De nouvelles missions pour booster la rentabilité
Pour les experts, les leviers de rentabilité de l’officine résident désormais dans l’accompagnement des patients. Les tarifs de certains médicaments ont augmenté de 2,57 % en 2023 – grâce aux prescriptions hospitalières et à la vente de médicaments coûteux – amortissant l’effet de la baisse des prix des médicaments (source : CGP). Evolution positive également, mais plus relative, des frais d’ordonnance par boîte (+1,72%), ralentie par la baisse du nombre de consultations médicales de ville. Le défi est désormais d’assumer les nouvelles missions. « Il existe un potentiel de croissance pour les pharmacies, notamment grâce à la téléconsultation et à la e-santé, la pharmacie étant déjà l’une des activités les plus digitalisées, souligne Bertrand Cadillon.
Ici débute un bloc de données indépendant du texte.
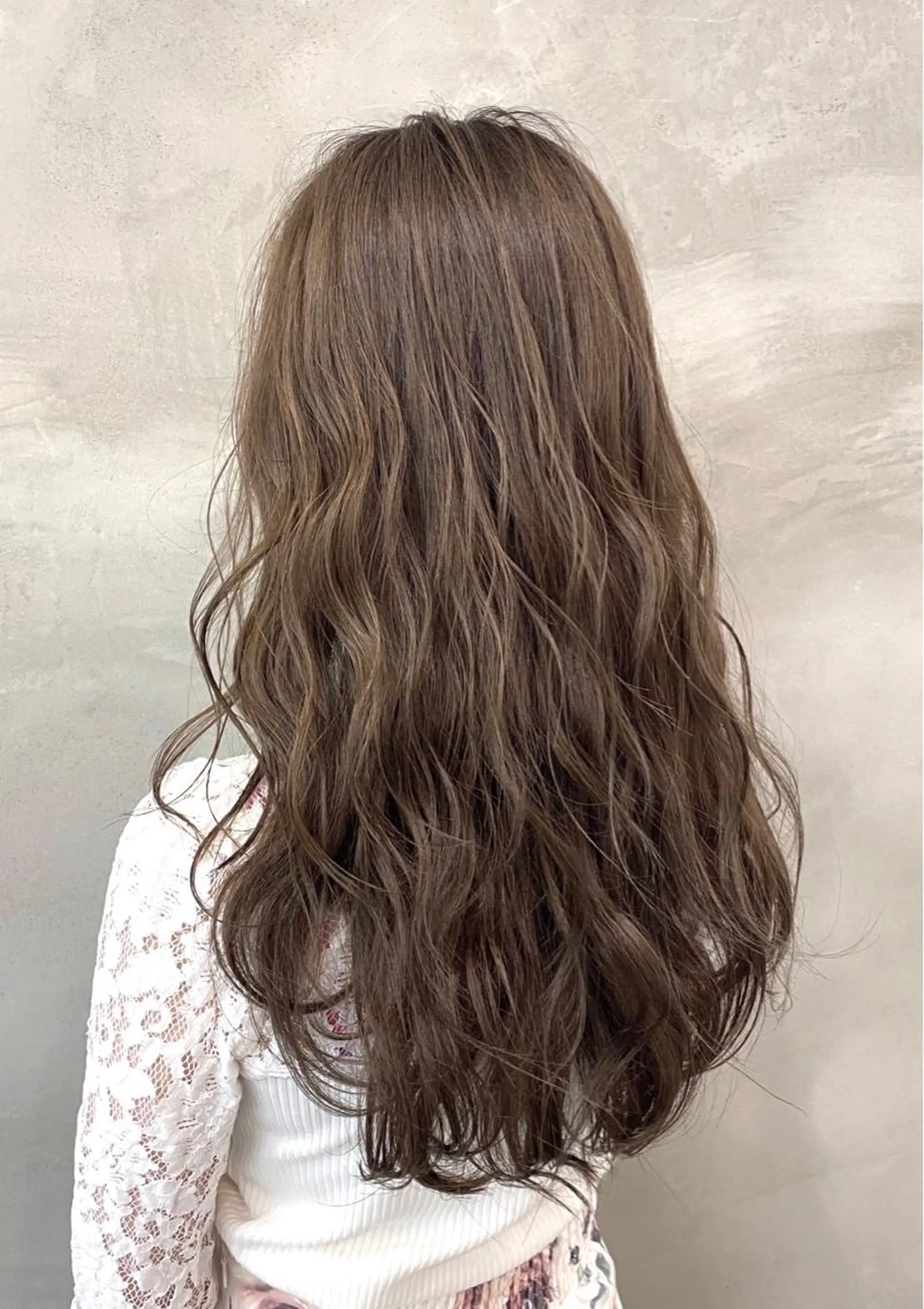 ロング カラー アッシュ ベージュカラー ヘアカラー トリートメント pesca 長町南店 OIKAWAのヘアスタイル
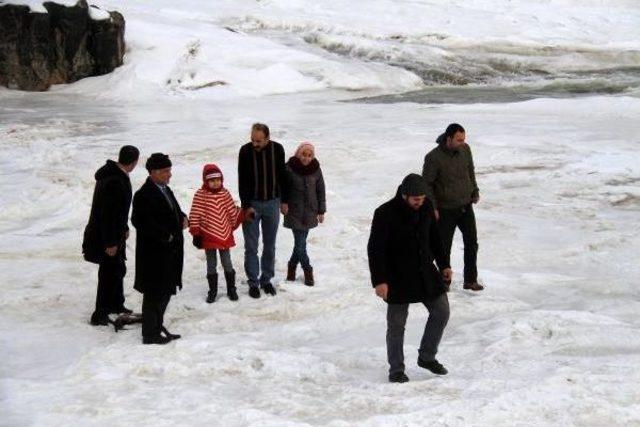 Buz Tutan Balık Bendinde, Çay Içip, Kayak Yaptılar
Elle doit maintenant apprendre à s’organiser, à planifier, à optimiser ses coûts de personnel, grâce à la formation. « Les groupes animent les échanges, accompagnent, aident à mettre en œuvre ce type d’outils numériques… »ajoute Emmanuel Leroy, leader national des partenaires santé chez KPMG. Autant de ressources génératrices de temps et d’économies qui doivent être considérées comme des leviers de rentabilité.